To be honest, introducing new throw-on-invalid value behaviour to existing
function that didn't throw before looks rather like a bad design for me.
Personally I wouldn't abandon accept-anything behaviour of Number, but
rather add method Number.from that will throw on all values that shouldn't
be coerced to number.
On 15 Oct 2016 1:23 a.m., "Allen Wirfs-Brock" <al...@wirfs-brock.com> wrote:
> > On Oct 14, 2016, at 11:02 AM, Claude Pache <claude.pa...@gmail.com>
> >> Le 11 oct. 2016 à 11:07, medikoo <medikoo+mozilla....@medikoo.com> a
> écrit :
> >> I was searching the archived but wasn't able to find the answer.

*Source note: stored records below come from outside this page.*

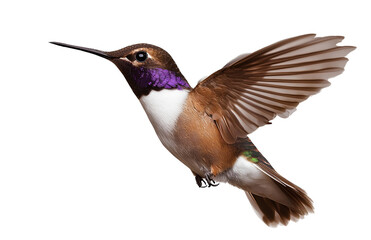 Fototapeta premium Hummingbird flying, isolated on a transparent background png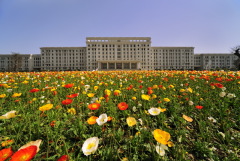 当大学生也开始举起“政治报复”的猎枪(组图)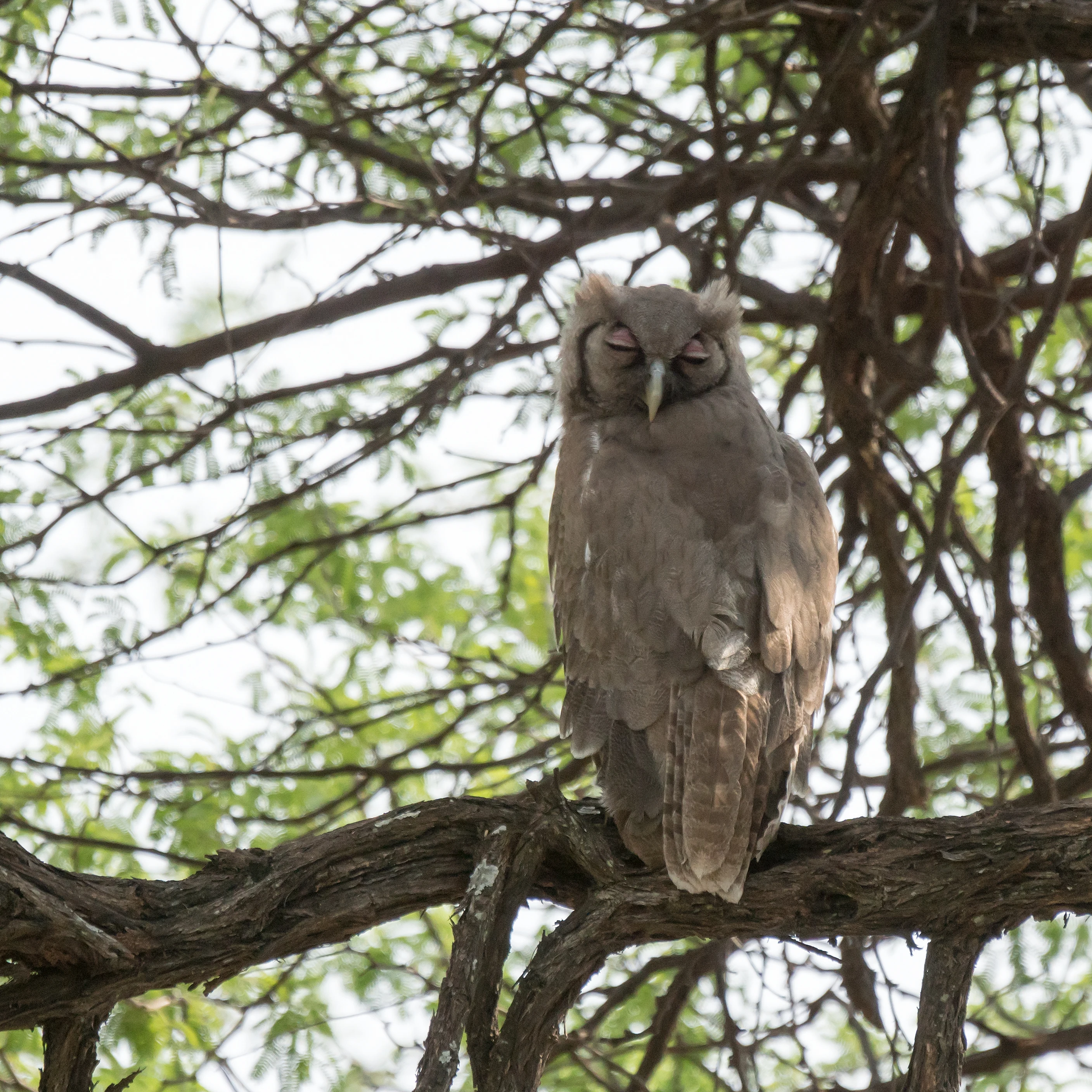 Verreaux's Eagle-Owl, Khwai to Moremi, Botswana — photo by Jim Bennett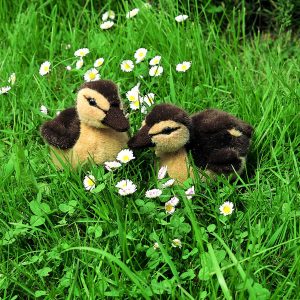 Peluche caneton 19 cm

> >> What's the reasoning behind having Number(symbol) crash instead of
> >> NaN (as it's in case all other non-coercible values?). It feels not
> >> consistent.
> >> If someone can point me to some discussion that provided the reasoning
> >> be grateful
> > I believe that the reason of the inconsistency is more an accident of
> history in the development of ES6 than a well-reasoned design decision.
> Here is my understanding:
> No this was an intentional design decision. There is no obvious or
> natural Number value corresponding to symbol values. Rather than inventing
> some arbitrary conversion rule (for example producing NaN) TC39 choose to
> throw an exception for such conversions as they are a clear manifestation
> of some sort of program bug.
> Note that the coercion rules for the original JS primitive types were
> mechanism and hence all operations were required to produce some value.
> Throwing exceptions for unreasonable Symbol coercions is intentionally
> inconsistent with the handling of the original primitive coercions and is
> intended to set a new precedent that will be applied to any other new
> primitive types that might be added to ES in the future.